Sen. John McCain (R-Arizona) is asking the FCC to study the idea of a la carte cable pricing, in an effort to again give some momentum to a bill he recently introduced to require that cable operators give consumers the option to buy channels individually.
In a letter to acting FCC chairwoman Mignon Clyburn, McCain wrote that “for too long the government has entered the market on behalf of special interest to afford businesses the opportunity to develop and markets to mature. That time has passed. As such, I call on the Commission to review this issue and take steps to shift this balance toward consumers, by providing consumers with greater choice when purchasing television video.”
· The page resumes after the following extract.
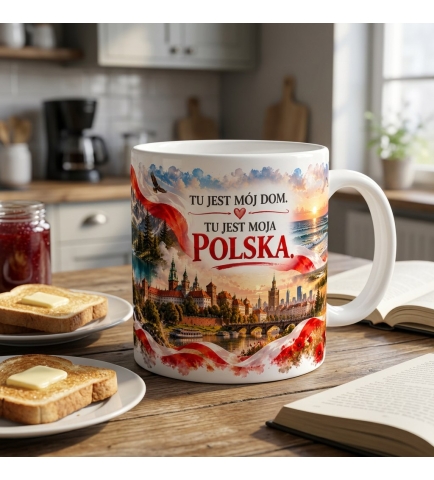 Kubek Ceramiczny Patriotyczny Tu Jest Mój Dom Polska 330 ml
Although McCain’s legislation, called the Television Consumer Freedom Act, has drawn a great deal of attention, it has so far not advanced in the Senate and does not have any co-sponsors. McCain was once the chairman of the Senate Commerce Committee, which would take up the legislation, but he is no longer a member.
McCain, however, said that the current model amounts to a “socialized television model,” in which consumers are “forced to pay for channels they do not watch.” He says that his bill provides incentives for cable operators to offer channels individually. Under McCain’s bill, if the cable or satellite operator does not offer a broadcast station, or any other channel owned by the broadcaster, on an a la carte basis, they cannot rely on the compulsory license to carry those stations.
He also wrote that he rejects arguments from cable operators that the current system offers the best value, as an a la carte model would see the prices of certain channels, like ESPN, skyrocket, while niche networks would struggle to survive. “My instinct tells me they are wrong, and industry references to a ‘Golden Age’ of television apply to everyone but the American consumer,” he wrote.
The FCC currently has two vacancies, with President Obama having nominated Tom Wheeler to be its next chairman. Wheeler is to go through a nomination hearing on June 18, so there is a chance that the issue will be brought up then. But current FCC members have suggested that even as bills rise, a shakeout first has to be left to the marketplace.
Nevertheless, some in the cable business have warned of a consumer backlash. At the Cable Show on Tuesday, Time Warner Cable CEO Glenn Britt called for more flexibility in pricing.